Using the material that follows, output exactly the lines from the one containing "Alguera Apartments Napols" through the one containing "Bath - 5273", with both ends kept.

___ RAW DATA ___

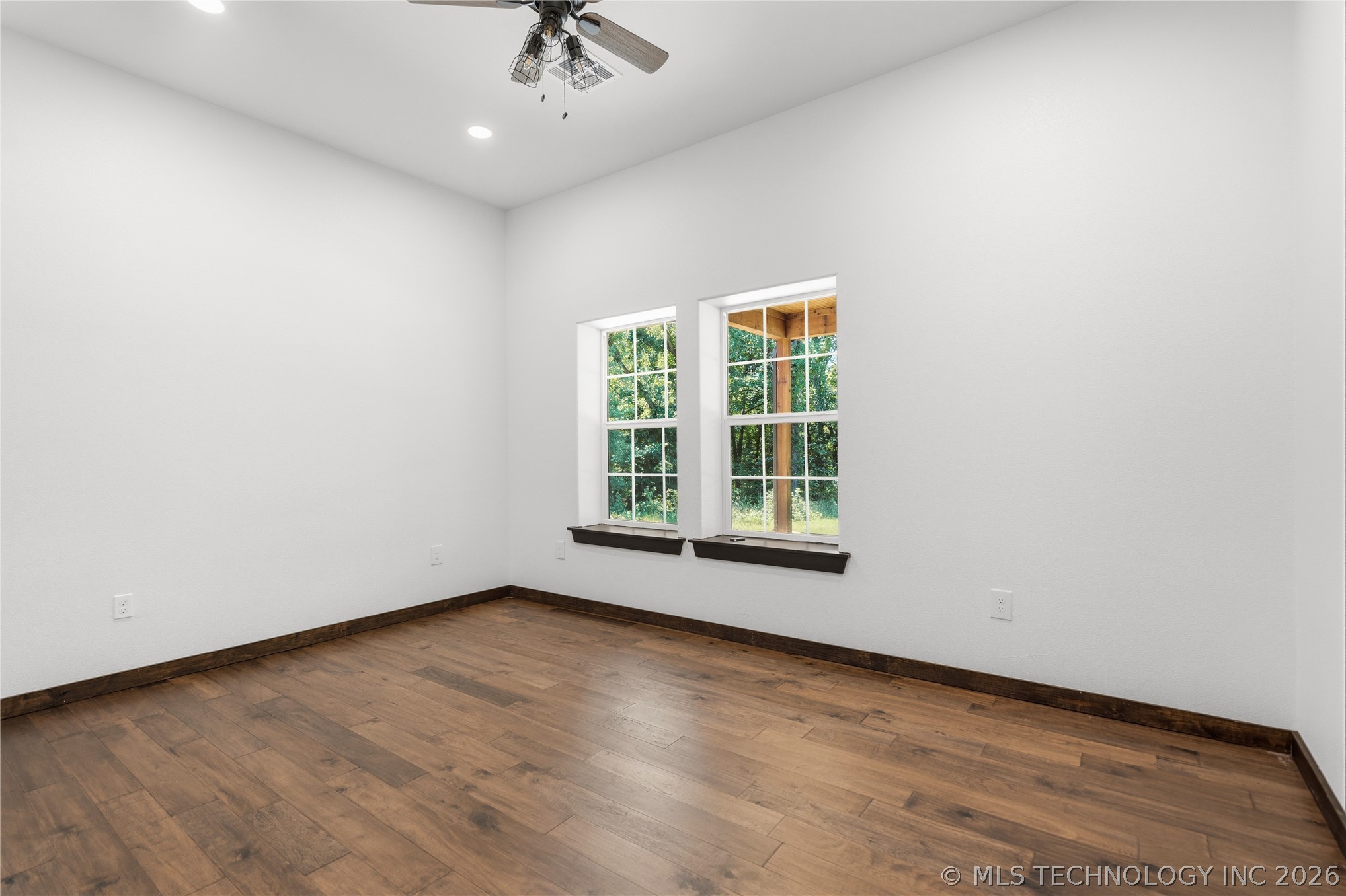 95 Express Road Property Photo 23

___
___ RAW DATA ___

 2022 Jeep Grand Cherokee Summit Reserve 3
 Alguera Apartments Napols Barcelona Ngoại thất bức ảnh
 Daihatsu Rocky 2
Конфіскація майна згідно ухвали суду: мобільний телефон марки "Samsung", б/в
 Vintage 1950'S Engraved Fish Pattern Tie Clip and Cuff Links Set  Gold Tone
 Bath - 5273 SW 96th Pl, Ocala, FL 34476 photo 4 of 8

___
___ RAW DATA ___

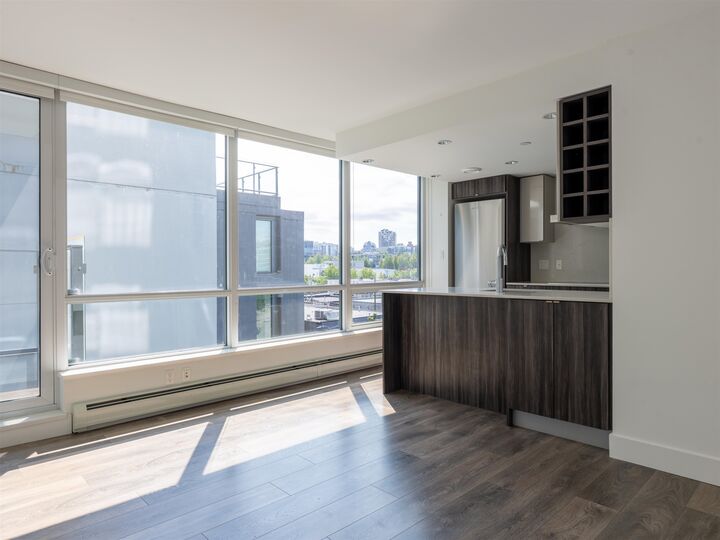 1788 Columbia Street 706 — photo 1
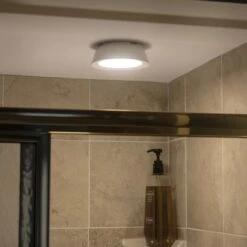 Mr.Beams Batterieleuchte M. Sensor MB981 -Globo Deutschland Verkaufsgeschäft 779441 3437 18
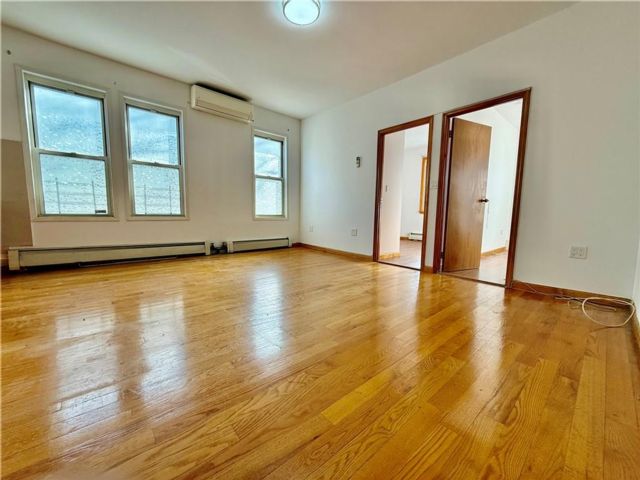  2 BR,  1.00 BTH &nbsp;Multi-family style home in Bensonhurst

___

* [ANSWER TO THIS TASK]:
 Alguera Apartments Napols Barcelona Ngoại thất bức ảnh
 Daihatsu Rocky 2
Конфіскація майна згідно ухвали суду: мобільний телефон марки "Samsung", б/в
 Vintage 1950'S Engraved Fish Pattern Tie Clip and Cuff Links Set  Gold Tone
 Bath - 5273 SW 96th Pl, Ocala, FL 34476 photo 4 of 8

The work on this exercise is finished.